¿Qué no se habrá dicho de este cuadro por personas infinitamente más inteligentes y sensibles que uno? ¿Qué podría añadir uno? Probablemente, nada, pero aun así, estas páginas quedarían inconclusas si algo no se dijera. Querría estar uno dentro de este cuadro. Y así lo querría no por un loco delirio de algo inverosímil, como cuando de pequeños queríamos ser superhéroes, sino precisamente porque parece perfectamente posible dar un paso, apartar un poco al mastín del primer plano que descansa ajeno a todo, tocar la cabeza de una de las meninas y con cuidado y sosiego avanzar tranquilamente por esa habitación del Alcázar de Madrid para mirar lo que Velázquez está pintando. Quizá descubriéramos que nos estaba pintando precisamente a nosotros, los contempladores del cuadro, y no a los reyes Felipe IV y Mariana de Austria, como sugiere el espejo del fondo. ¿Sería posible encontrarnos a nosotros entre toda esa masa de la humanidad que ha mirado el cuadro alguna vez? ¿O quizá Velázquez se toma la molestia desde hace cuatro siglos de pintarnos uno a uno, igual que esa abnegada estrella de la música que respondiera una a una todas las cartas de sus fans? También querríamos mirar los cuadros de Rubens que hay en las paredes, fijarnos en la sala de un edificio hoy desaparecido y conversar con ese señor del fondo, el que está con un pie en un escalón y otro pie en otro, mirando no se sabe si a nosotros, a los que estamos fuera del cuadro, o lo que está haciendo Velázquez, o a todo a la vez. Querríamos, sí, llamarle por su nombre: “¡Qué pasa, don José!”, estrecharle la mano, palmotearle en el hombro y que nos contara algunas cosas acerca de su época, de los reyes, príncipes e infantes, contarle nosotros a él algo de la nuestra, y regresar a nuestro mundo, a nuestra casa, como si hubiéramos ido a comprar pipas y por el camino nos hubiéramos encontrado a un viejo amigo del barrio. Sabemos su nombre, José Nieto, y que es aposentador del palacio. Se trata de una de las primeras figuras en movimiento de la historia de la pintura y es, sin disputa, una de las más cercanas, a pesar de su lejanía física, admirablemente conseguida gracias a la perspectiva más perfecta jamás pintada. Azorín le veneraba, y llegó a dedicarle un artículo entero y a mencionarle en su maravilloso libro Castilla. Dice:
¿Ves ese señor que está en el fondo, junto a una puertecilla de cuarterones, levantando una cortina, con un pie en un escalón y otro pie en otro? Es don José Nieto; muchas veces hemos platicado en estas soledades. Ese hombre lejano -lejano en el fondo del cuadro… y en el tiempo-, siempre ha ejercido sobre mí una profunda sugestión. No sé quién es; pero su figura es para mí tan real, tan viva, tan eterna, como la de un héroe o un genio…

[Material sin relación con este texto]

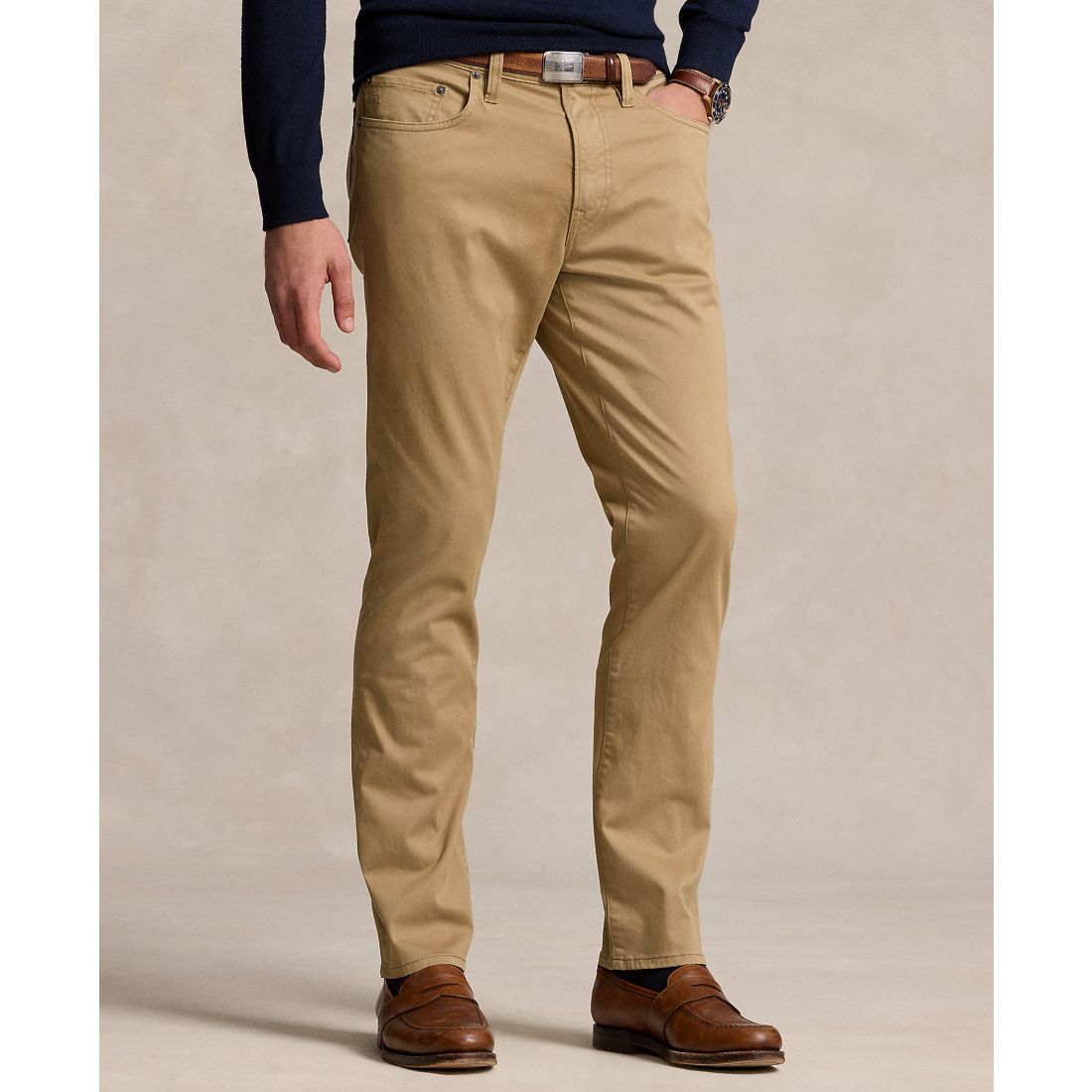 Polo Ralph Lauren Men's Varick Slim Straight Stretch Sateen Pants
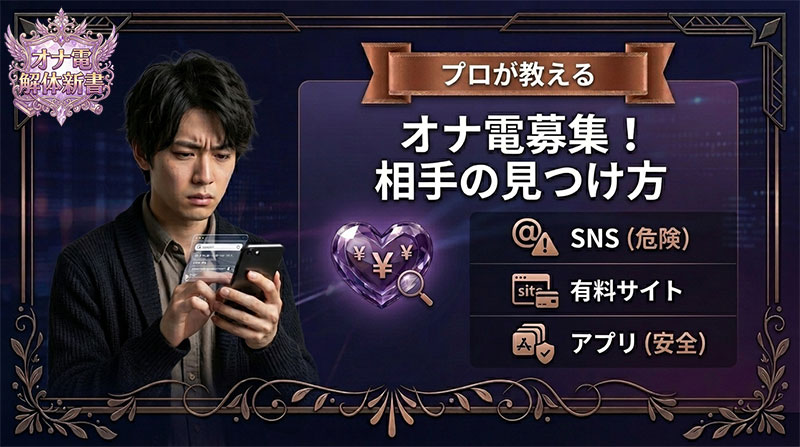 プロが教えるオナ電募集!相手の見つけ方「SNS危険」「有料サイト」「アプリ(安全)」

No estamos seguros de si José Nieto acaba de llegar a la habitación o se está marchando. Sentiríamos de corazón que se tratara de esto último, como así parece, aunque afortunadamente Velázquez pudo atrapar su efigie antes de que desapareciera de la escena. Quizá se acercara un momento para ver cómo iba todo y luego volviera a sus quehaceres. No lo sabemos. Cuando a Dalí le preguntaron qué salvaría del Prado en caso de incendio, respondió sin dudar que el aire de Las Meninas. Es cierto, es un aire puro, sin viciar, y nosotros, que ciertamente podríamos pasar dentro y respirarlo, preferimos no hacerlo; preferimos, a veces, contemplar a ser contemplados.
***
¡Qué figura más antipática la de Menipo! Sí, en este caso no podemos esconder nuestra repugnancia. Este viejo andrajoso, de cara flaca y angulosa, que quiere volvernos la espalda y que no quiere saber nada de nosotros, y que se solaza en ello con una sonrisilla absurda, parece esconder algo celosamente de nuestra vista debajo de la capa. Nos recuerda a esos niños egoístas que no querían compartir sus juguetes. Quizá sea dinero lo que esconde, o un mendrugo de pan. ¡Qué nos importa!, le decimos, aunque fueran cien onzas de oro. No necesitamos más para vivir y estamos saciados, Menipo. Los libros que has leído, filósofo, no te han hecho buen efecto. Ni siquiera los amas, ¡mira cómo los tienes tirados por el suelo! Guárdate tus miserables e inmensas riquezas para ti solo, que nosotros compartiremos nuestros escasos bienes con quien estimemos más oportuno. Y no serás tú, Menipo, y no serás tú.